• RECORD EXCERPTS
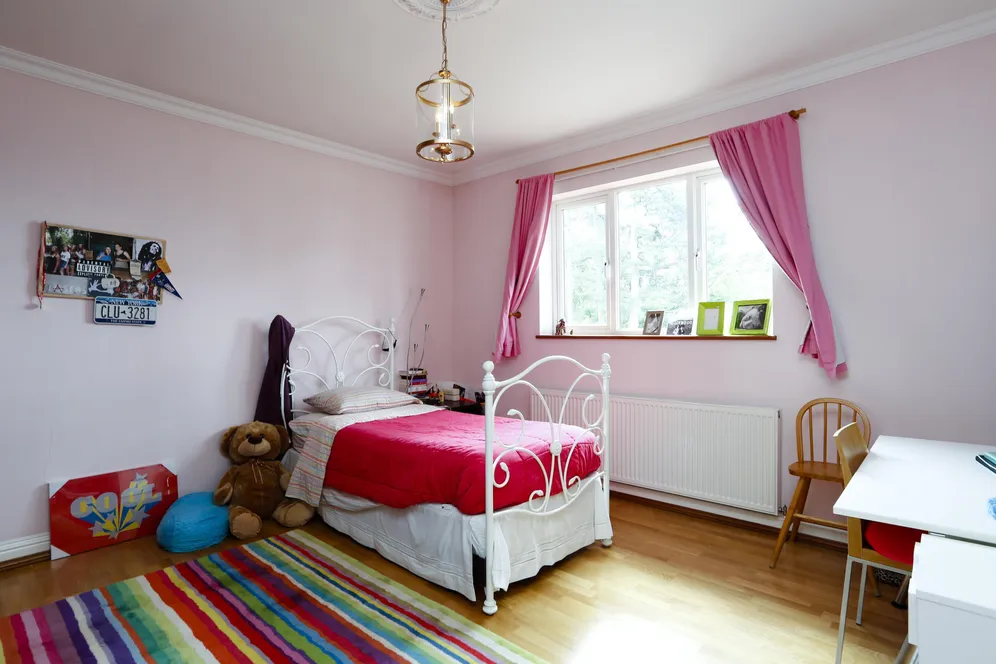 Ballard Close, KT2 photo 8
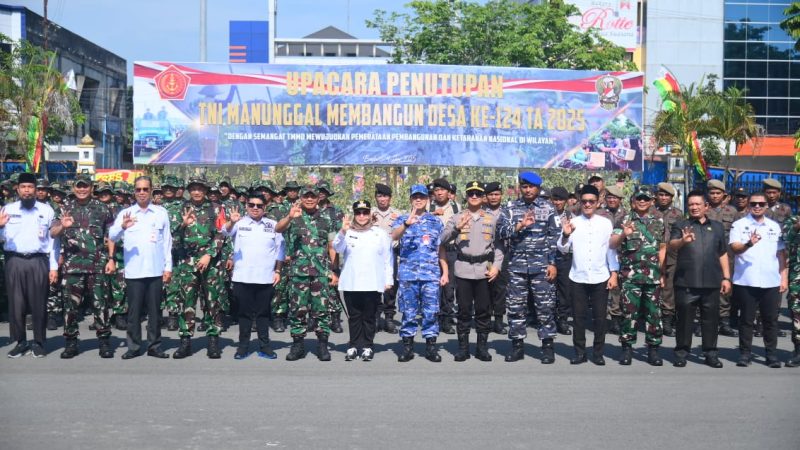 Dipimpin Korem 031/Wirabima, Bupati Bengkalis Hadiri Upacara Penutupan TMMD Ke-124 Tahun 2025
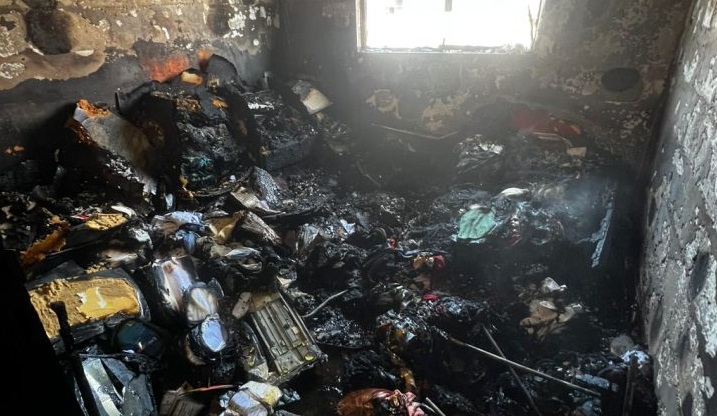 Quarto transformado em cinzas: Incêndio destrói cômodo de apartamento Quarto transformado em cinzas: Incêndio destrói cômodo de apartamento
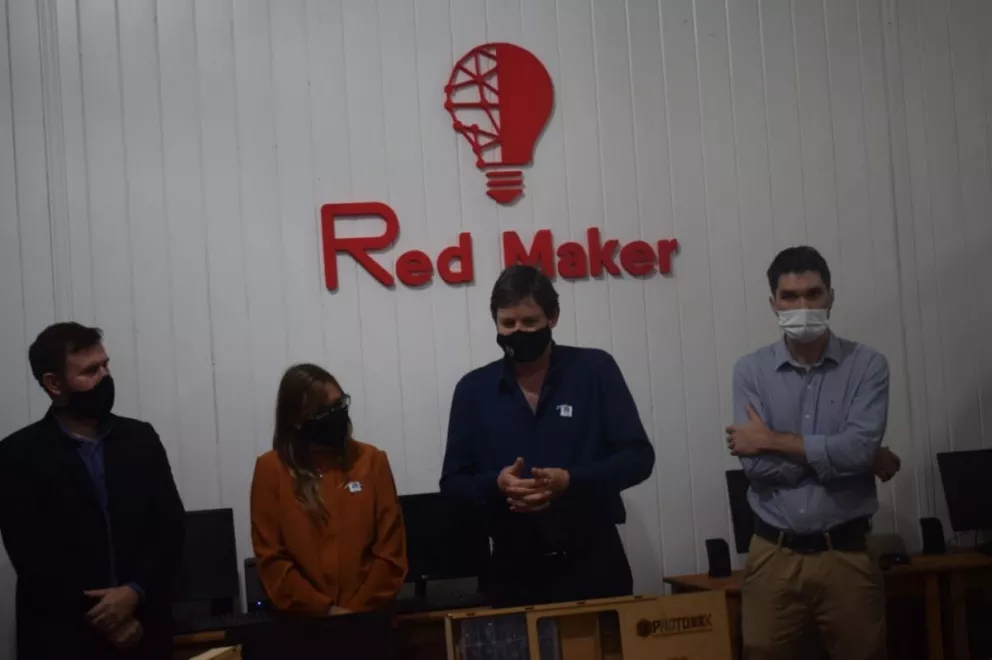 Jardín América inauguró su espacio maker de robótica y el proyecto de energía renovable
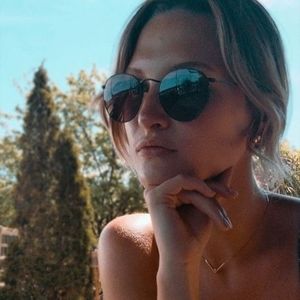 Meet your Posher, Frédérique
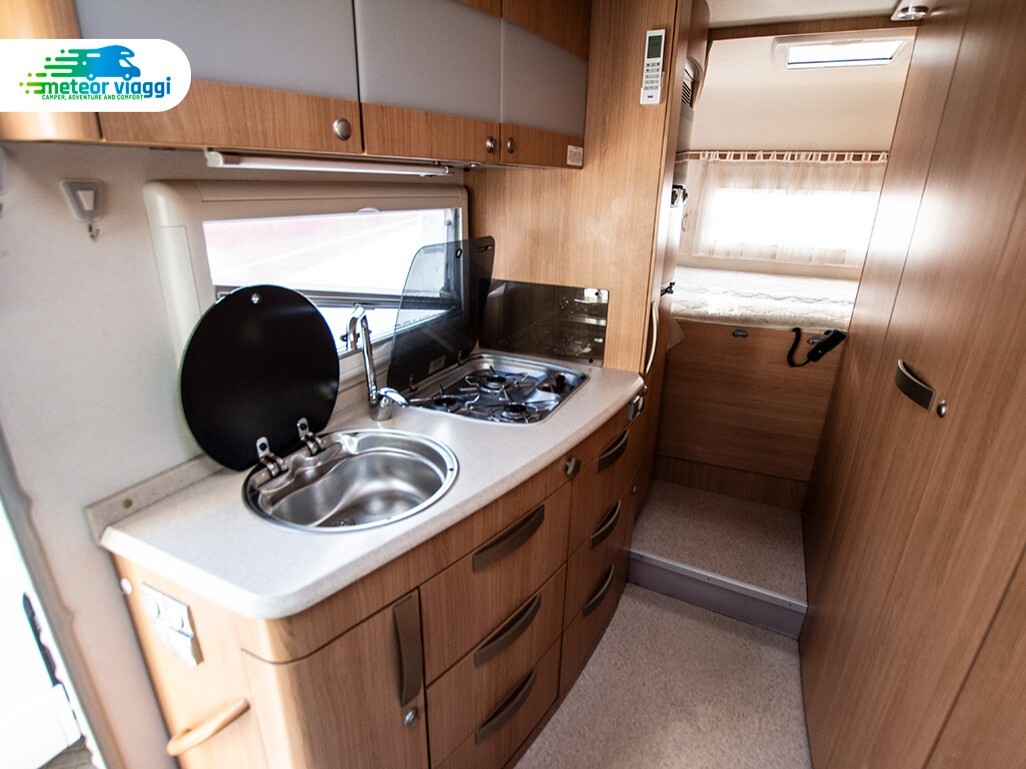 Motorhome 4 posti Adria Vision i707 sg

• TRY IT
Write the data above out exactly. Leave out any pictures.

• FINAL ANSWER
 Ballard Close, KT2 photo 8
 Dipimpin Korem 031/Wirabima, Bupati Bengkalis Hadiri Upacara Penutupan TMMD Ke-124 Tahun 2025
 Quarto transformado em cinzas: Incêndio destrói cômodo de apartamento Quarto transformado em cinzas: Incêndio destrói cômodo de apartamento
 Jardín América inauguró su espacio maker de robótica y el proyecto de energía renovable
 Meet your Posher, Frédérique
 Motorhome 4 posti Adria Vision i707 sg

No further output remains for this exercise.